Yoga has ancient roots, with most modern practices based on principles described by Patanjali, an Indian yogic sage who lived 2,000–2,500 years ago. JUMPGA adapts these principles into a hybrid of rebounding and yoga, offering a holistic cycle from high-energy jumping to a peaceful meditative state (Savasana).

THE FOUR PATHS OF YOGA

  • Bhakti Yoga: The path of devotion and love.
  • Karma Yoga: The path of selfless action.
  • Jnana Yoga: The path of knowledge and wisdom.
  • Raja Yoga: The “Royal Path,” focusing on meditation and self-realisation.

JUMPGA aligns with Raja Yoga, emphasising balance, harmony, and self-awareness through movement and breath.

JUMPGA ALIGNMENT PRINCIPLES

Proper alignment ensures safe and effective exercise. Key principles include:

Shoulder Alignment

  • Engage chest integration by broadening and inflating the chest 360° around.
  • Relax overlying tissues, allowing the skin to soften over the bones.
  • Keep armpits hollow and arms relaxed.
  • Broaden the collarbones and square the shoulders.
  • Draw shoulder blades medially toward the spine.

Pelvic Alignment

  • Use the ‘equal-standing’ technique to stand evenly on all four corners of your feet.
  • Draw muscular energy from the periphery to the body’s central core.
  • Roll the inner groin inward, retract, and spread out.
  • Lower the sacrum vertically and scoop the tailbone forward.
  • Keep the sternum descending vertically as the lower ribs widen.

Feet and Leg Alignment

  • Balance hips over knees and ankles.
  • Distribute weight: 80% on the heels, 20% on the big toe.
  • Engage arches, lengthen toes, and press toe pads.
  • Keep the Achilles tendon wrinkle-free and straight.

Psoas Major

The psoas major is crucial for maintaining lumbar curvature and connecting the lumbar spine to the legs and pelvis.
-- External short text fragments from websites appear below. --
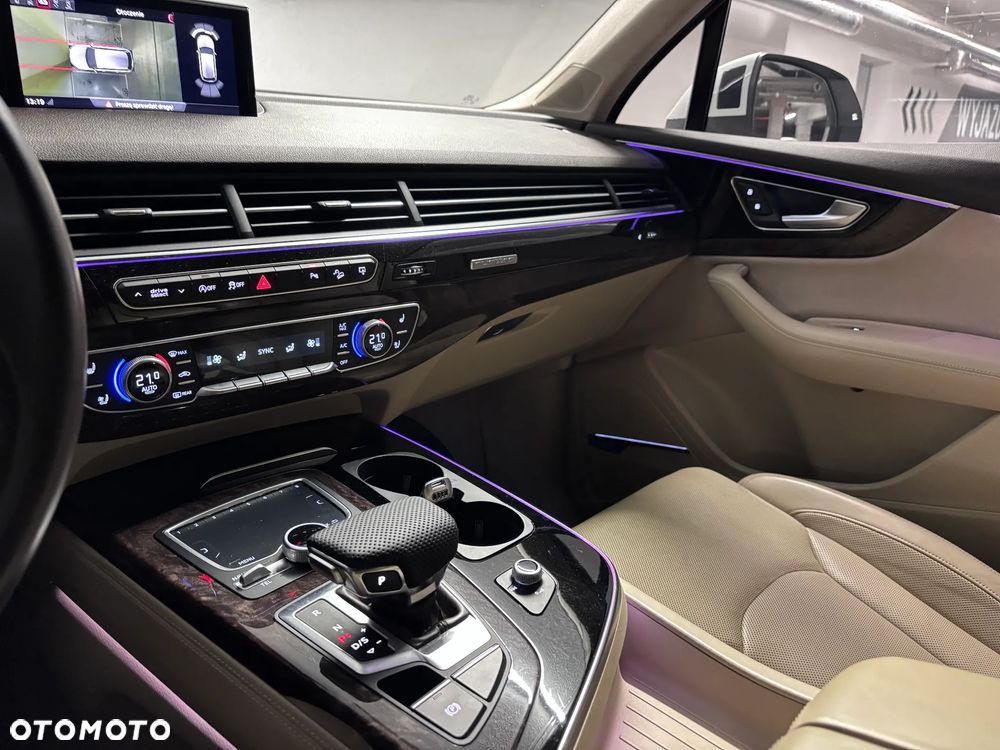 Audi Q7 3.0 TFSI Quattro Tiptronic - 24
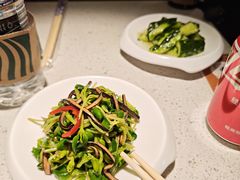 凉拌豆苗-阿达师傅鱼汤面
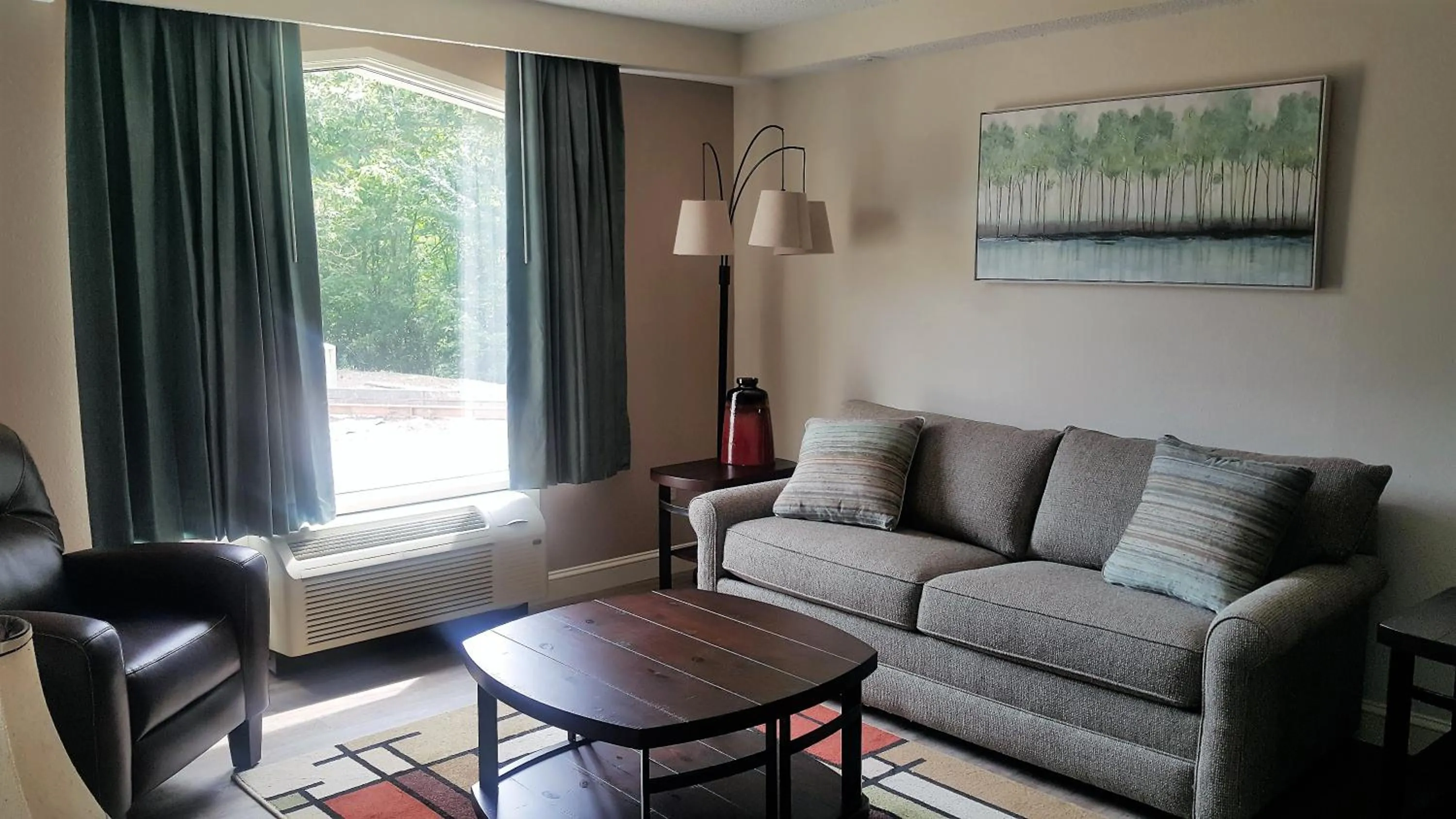 Living room in McCoy's Inn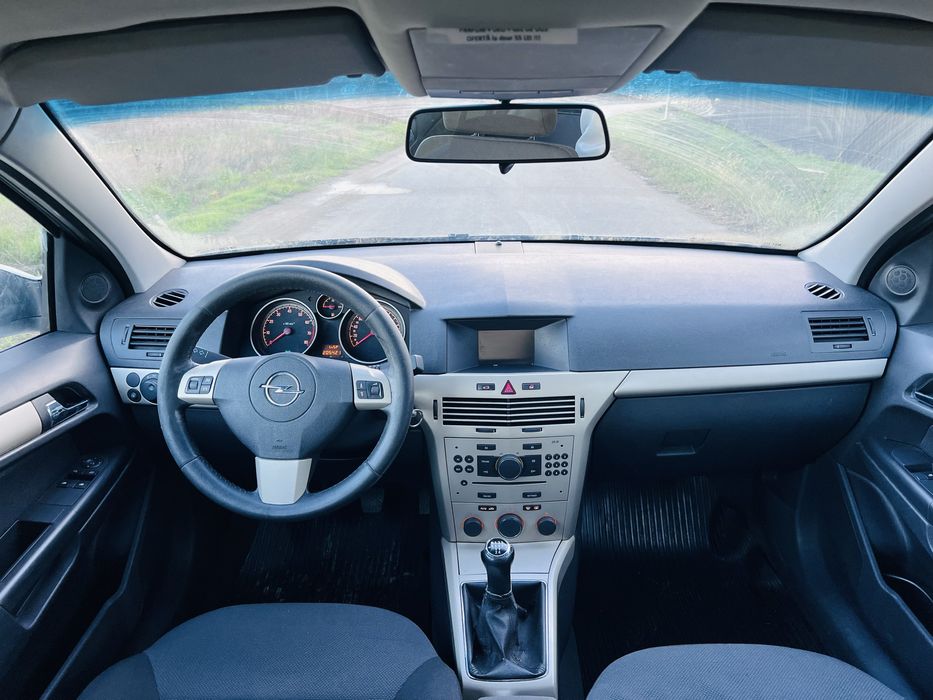 Opel Astra H sedan 1.6 benzina 2009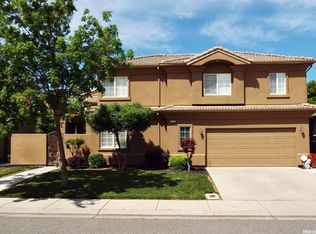 2105 Paramont Way, Modesto, CA 95355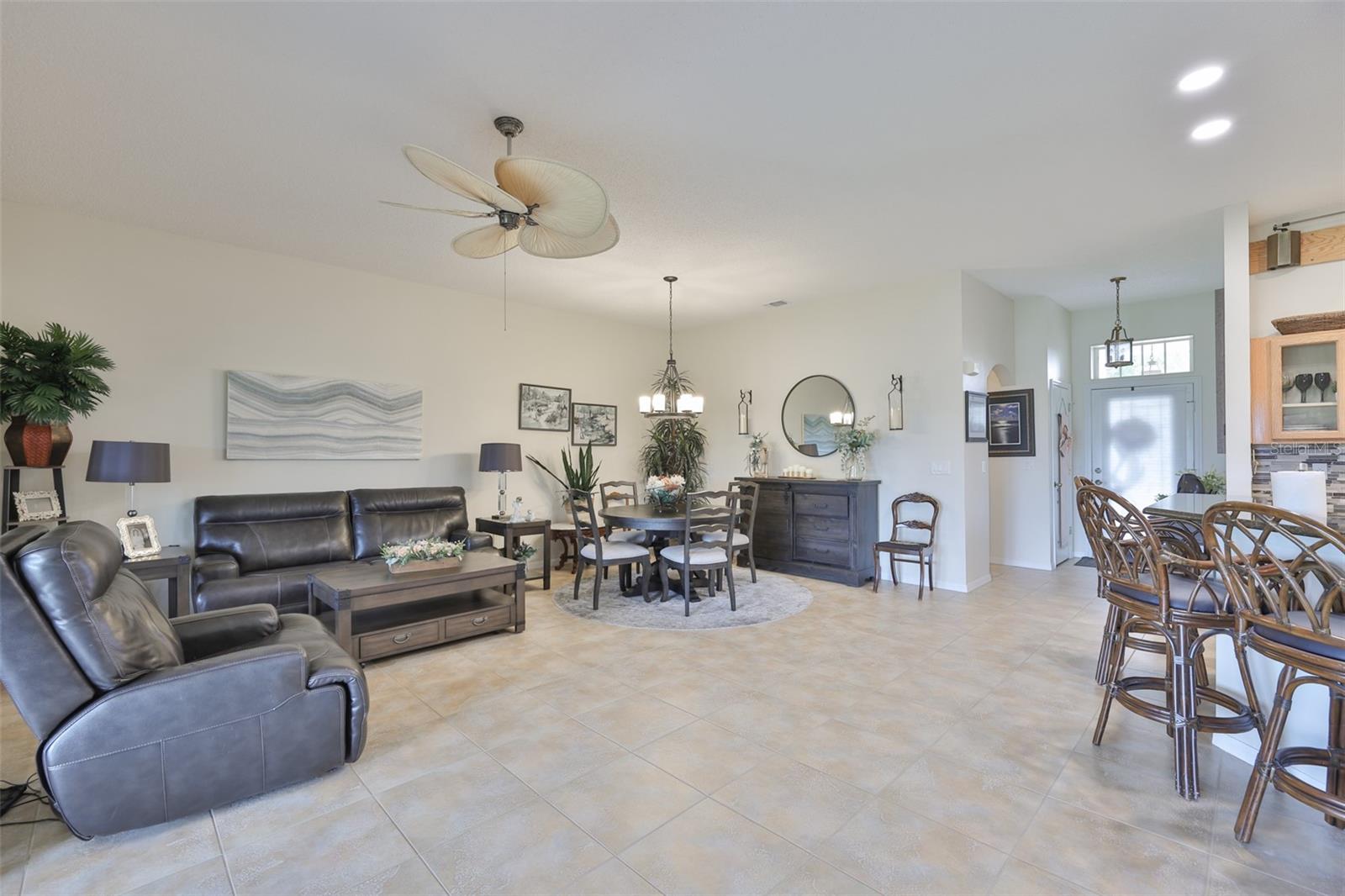 BROOKFIELD CONDO - Residential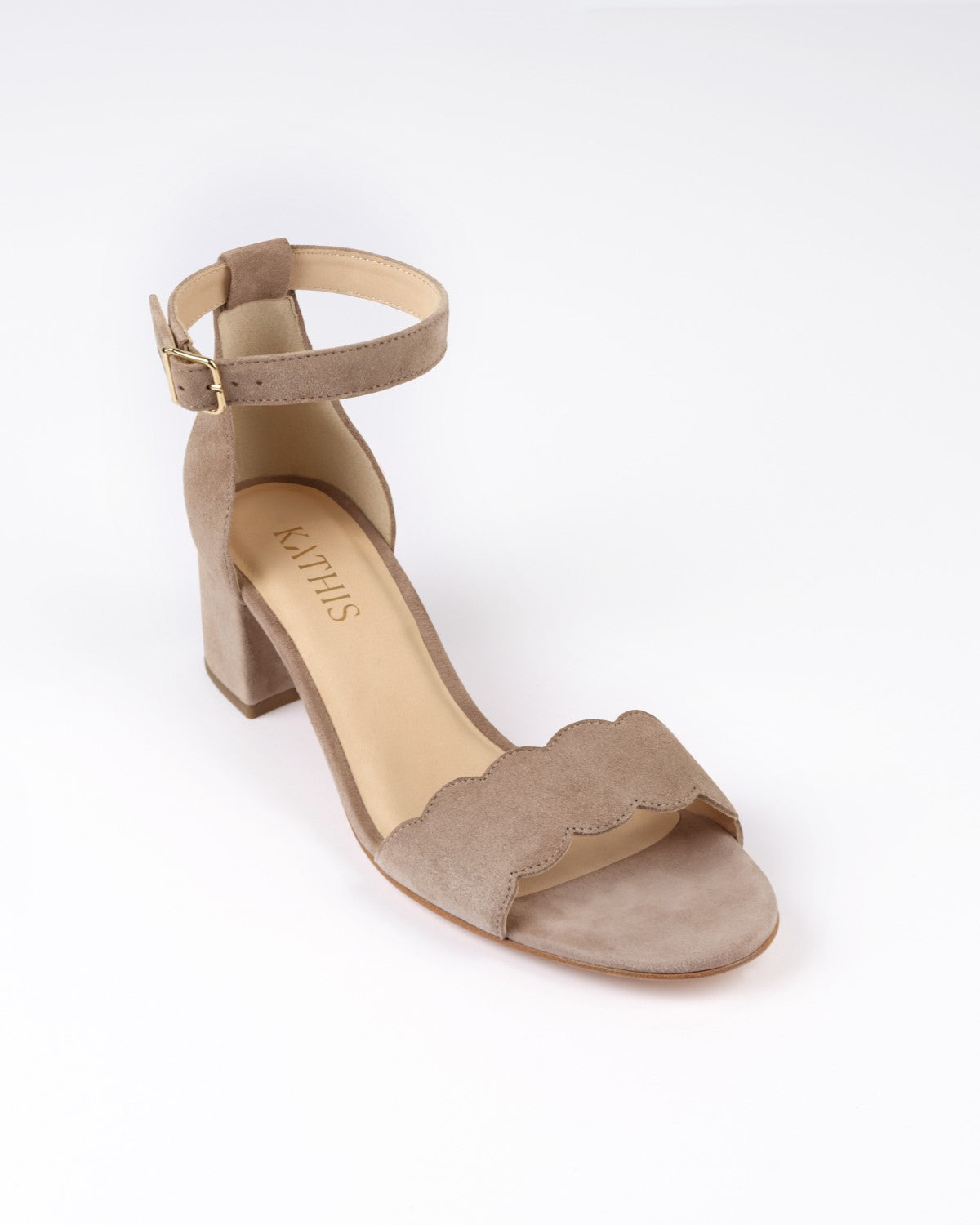 Schrägansicht des No.04 Sandalette in Taupe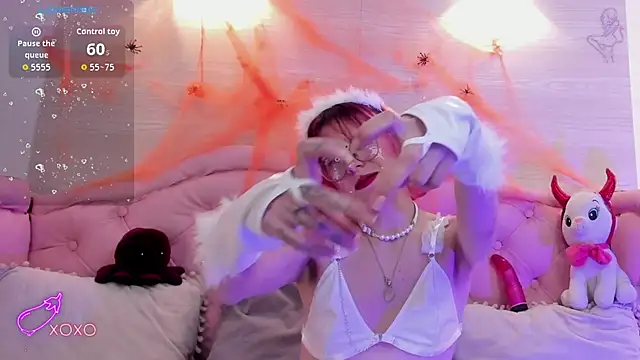 Snapshot of Rossiie_Hunt_ chatting on 16, 10, 2025 Rossiie Hunt online show from 16, 10, 2025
It can be weakened by:

  • Forward-bending activities (e.g., deskwork).
  • Sitting with hips higher than knees.

JUMPGA SEQUENCES

HIIT (High-Intensity Interval Training)

  • Tantrum: 20 seconds of jumping on the spot with feet flat.
  • Spot Run: 2 minutes of high knees with opposing arm swings.
  • Jumping Jacks: 2 minutes of jumping with arms and legs spreading.
  • Scissor Jump: 2 minutes of alternating leg positions mid-air.
  • Ski Jump: 2 minutes of side-to-side jumps.
  • Pressure Jump: 2 minutes of wide-leg squats without leaving the mat.

Standing Balance Poses

  • Palm Tree Pose (Tadasana): Stand tall, reaching arms upward.
  • Tree Pose (Vriksasana): Balance on one leg with the other foot on the thigh.
  • Warrior III (Virabhadrasana III): Balance on one leg with the other extended backwards.

Asanas (Yoga Flow)

  • Sun Salutation A (Modified): A flowing sequence of forward folds, planks, and upward-facing dogs.
  • Half Moon Sequence (Ardha Chandrasana): A balance pose with side stretches.
  • Warrior Sequence (Virabhadrasana I-III): A series of lunges and balance poses.

Core Strengthening

  • Plank (Phalakasana): Hold a push-up position with a straight body.
  • Side Plank (Vasisthasana): Balance on one arm with the body in a straight line.
  • Reverse Curl-Up: Engage your lower abs by lifting your legs toward the chest.
  • Bridge (Setu Bandhasana): Lift hips while keeping feet and shoulders grounded.

Mat Stretching

  • Cat-Cow (Marjaryasana to Bitilasana): Flow between arching and spine rounding.
  • Hip Flexor Stretch: Lunge forward to stretch the hip flexors.
  • Seated Twist (Vakrasana): Twist the torso while seated.
  • Hamstring Stretch: Extend one leg while lying down.
  • Cobblers Pose (Baddha Konasana): Sit with the soles of your feet together and knees out.

Relaxation (Savasana)

  • Lie flat on your back, arms at your sides, and focus on deep breathing to relax the body and mind.

MODIFICATIONS FOR ALL LEVELS

  • Use the rebounder near a wall for support during balance poses.
  • Start with shorter durations and build up to longer holds.
  • Focus on proper form to avoid injury and maximise benefits.

COOL-DOWN

  • Health Bounce: Gentle bouncing to relax the body.
  • Gentle Freestyle Movement: Slow, controlled movements to ease out of the workout.

CONCLUSION

JUMPGA is a transformative program that combines the physical benefits of rebounding with the mindfulness of yoga. Whether you’re looking to build strength, improve flexibility, or enhance mental focus, JUMPGA offers a holistic approach to fitness for all ages and levels.